Negro Leagues Hall of Fame Facing Financial Trouble

Rob Boudreau, Gear Live Media, February 2, 2010

The Negro Leagues Hall of Fame is in trouble. Faced with the dwindling economy, the museum is facing the very real threat that they may have to close their doors. Located in Kansas City, the Hall opened its doors in 1990, and for the last 20 years has continued to teach thousands of baseball fans about the injustices in the history of the game for decades. Not being allowed to play in the MLB until Jackie Robinson broke the color barrier in 1947, African-Americans began their own leagues as early as 1887 to play the greatest game in the world.

{snip}

The museum is celebrating its 20th year and plans to continue that celebration.
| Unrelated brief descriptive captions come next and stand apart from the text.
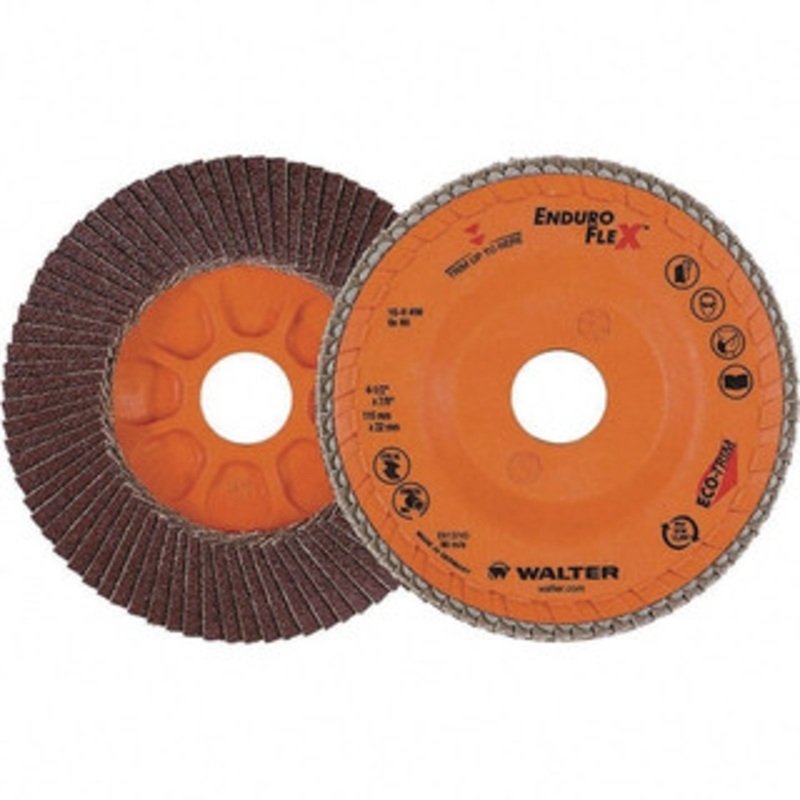 Walter Surface Technologies 4-1/2 60 Grit 7/8 Center Hole Zirconia Alumina Flap Disc Medium Grade, Coated, Arbor Attachment, Plastic Backing, 13,300 RPM 15R456 – 01393610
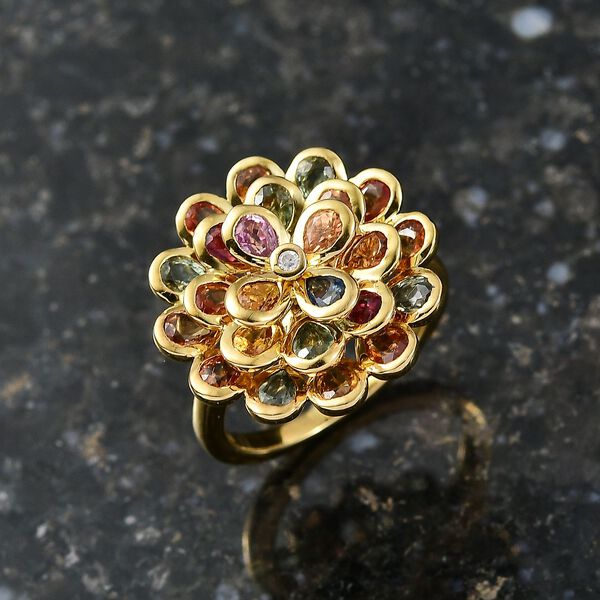 D'Joy AA Blauer Saphir, Mehrfarbiger Saphir Ring, 925 Silber 750 Gelbgold Vermeil (Gr&ouml;&szlig;e 21.00) ca. 3.44 ct image number 2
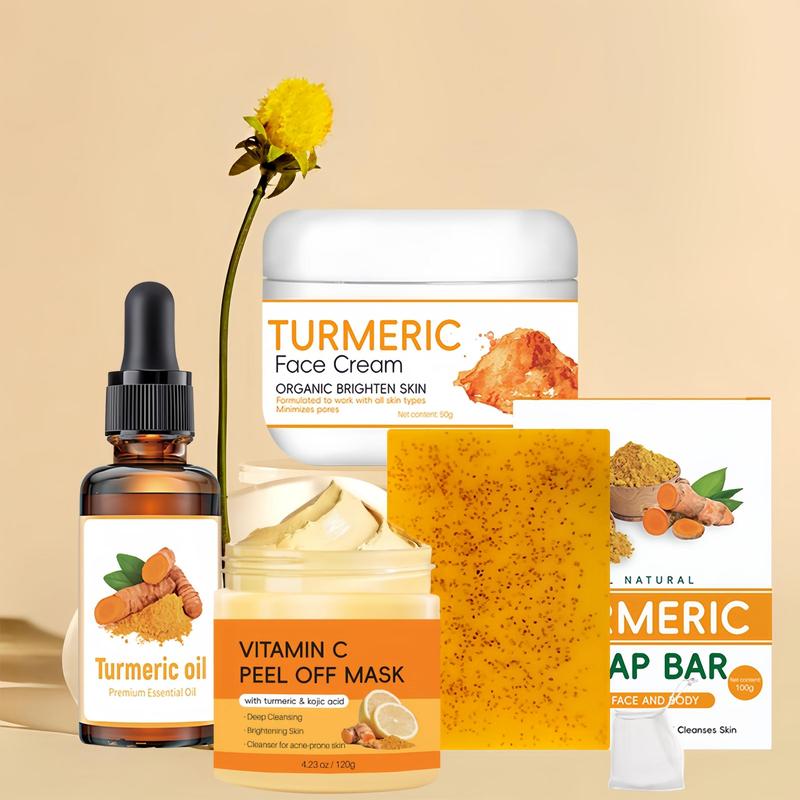 Turmeric Skin Care Kit, 4 Counts set Moisturizing Brightening Facial Skin Care Cream & Oil & Soap & Mask, Daily Skincare Product for Women & Men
They are preserving the Negro League Baseball culture with their hundreds of displays, and chart the history of the Negro Leagues with pictures, autographed balls, exhibits, lockers, equipment, and more. Fans can tour the museum and see all of this. At the end of the tour is the Field of Legends, where tourists can walk onto a field with near-life size bronze statues of some of the greatest African-American players to ever pick up a bat, including Satchel Paige, Josh Gibson, Buck Leonard, and Cool Papa Bell.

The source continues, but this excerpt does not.